She eventually found a job working in the human resources department of a music retail business; then, she moved on to join an international call centre for ten years. There, she found corporate policies provided her with some protections, like the ability to use the women’s restroom, though she continued to face some discrimination from local managers.
“They have a global mission and vision statements. Most should be gender-blind and sexuality-blind,” Alegre said.
Emmanuel David, an assistant professor of women and gender studies at the University of Colorado Boulder, interviewed dozens of transgender call-center agents in the Philippines as part of his research. David told Refinery29 that while tensions do exist still in such workplaces, the centres have created a “safe space” for many transgender workers.

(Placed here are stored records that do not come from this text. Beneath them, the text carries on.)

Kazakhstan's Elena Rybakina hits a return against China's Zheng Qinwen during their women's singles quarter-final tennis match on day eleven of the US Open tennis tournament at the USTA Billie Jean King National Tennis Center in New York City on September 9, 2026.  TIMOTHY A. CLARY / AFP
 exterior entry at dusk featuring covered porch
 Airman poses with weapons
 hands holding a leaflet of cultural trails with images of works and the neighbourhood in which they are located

Those call-centre openings appeal to people who want to "make a livelihood without relying on the jobs stereotypically associated with trans women,” David said. These include positions in the beauty or entertainment industries, or sex work, he added. The agent positions, viewed as "cosmopolitan" roles, have even helped some transgender women achieve higher social and economic status.
Many local advocacy groups are now seeking to empower the transgender community to take advantage of those gains and continue to push for equal rights and recognition. The key to that effort, the groups say, is urging transgender women to speak up. Rocero points to her own experience coming out to the world as a transgender woman during a TED Talk in 2014. So far, her speech has been viewed more than 2.7 million times.
"I wanted it big. I wanted it big and loud, because I knew as well as you know that I was risking something," Rocero said.
Rocero used her TED Talk as a launching pad for her own advocacy efforts, speaking on LGBTQ rights throughout the world and forming the Gender Proud organisation.
Earlier this year, Gender Proud teamed up with other organisations to host a series of workshops for transgender women and allies in the Philippines. They urged participants to share their stories to promote understanding of the community and the challenges its members face.
“Nobody knows our stories like ourselves,” Rocero told one group gathered for a seminar on speaking to the media. And finding the courage to tell those stories could help inspire the change Rocero and others are seeking, giving the country's transgender women the recognition and rights they deserve.
“We are already here,” Gingoyon said. “They just don’t know about who we really are, and how we want to be accepted and perceived in the community.”